Colloidal Molybdenum Diselenide Nanocrystals for Tunable, Broadband, and Mixed-Dimensional Photodetectors

Two-dimensional (2D) semiconductors with a direct band gap are attractive for the fabrication of 2D/Si heterostructures for complementary metal-oxide-semiconductor compatible nanophotonic devices. We report the characteristics of sonochemically exfoliated molybdenum diselenide (MoSe2) nanocrystals (NCs) integrated on large-area Si platforms to demonstrate tunable and broadband heterojunction photodetectors. The exfoliation of bulk materials to the 2H-semiconducting phase of MoSe2 NCs exhibiting excitonic absorption peaks with characteristic 2D nature is established.
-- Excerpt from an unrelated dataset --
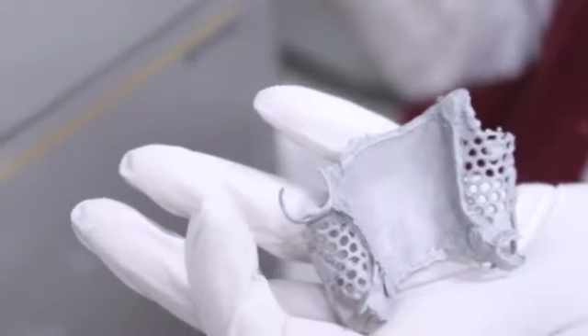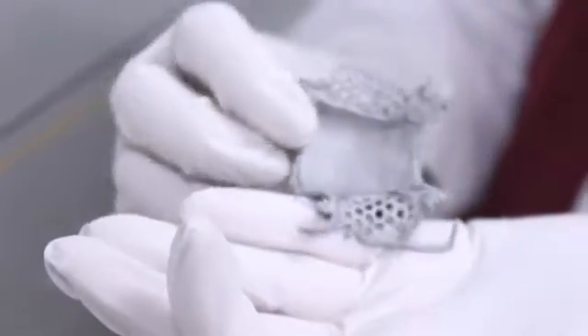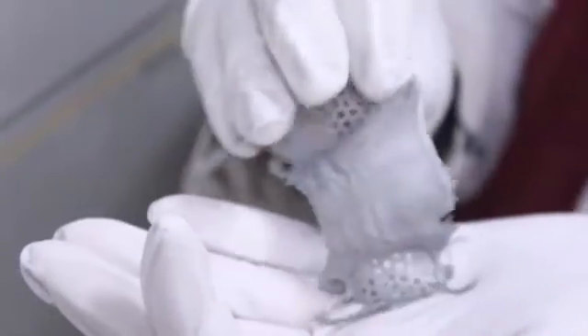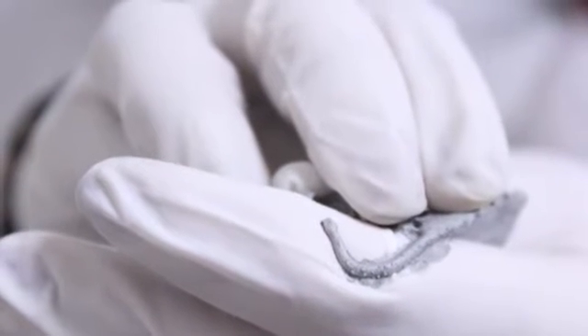After sprue removal, ruffles are cut from the casting, and the finishing and shaping of the metal framework is carried out. Nodules are removed from the surfaces that will contact the teeth. This step must be performed carefully to avoid destroying the frictional effect of the casting. The casting is then adjusted and finished in an orderly sequence.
A gradual blue shift in the absorption peaks accompanied by the stiffening of A(1g) Raman mode supports the size-dependent properties of NCs. Spectral response of MoSe2-NCs/Si (2D/3D) heterojunction devices reveal size-tunable and broadband (400-1400 nm) photoresponse, with the optimum sample (size similar to 12 nm) showing a peak responsivity and a detectivity of similar to 960 mA/W and similar to 1.8 x 10(12) Jones, respectively, at a low bias (-2 V).

Automated summary

The study focuses on the characteristics of sonochemically exfoliated molybdenum diselenide nanocrystals integrated on large-area silicon platforms to demonstrate tunable and broadband heterojunction photodetectors. The research established the excitonic absorption peaks with characteristic 2D nature in the 2H-semiconducting phase of MoSe2 nanocrystals. The spectral response of MoSe2 nanocrystals/Si heterojunction devices reveals size-tunable and broadband photoresponse.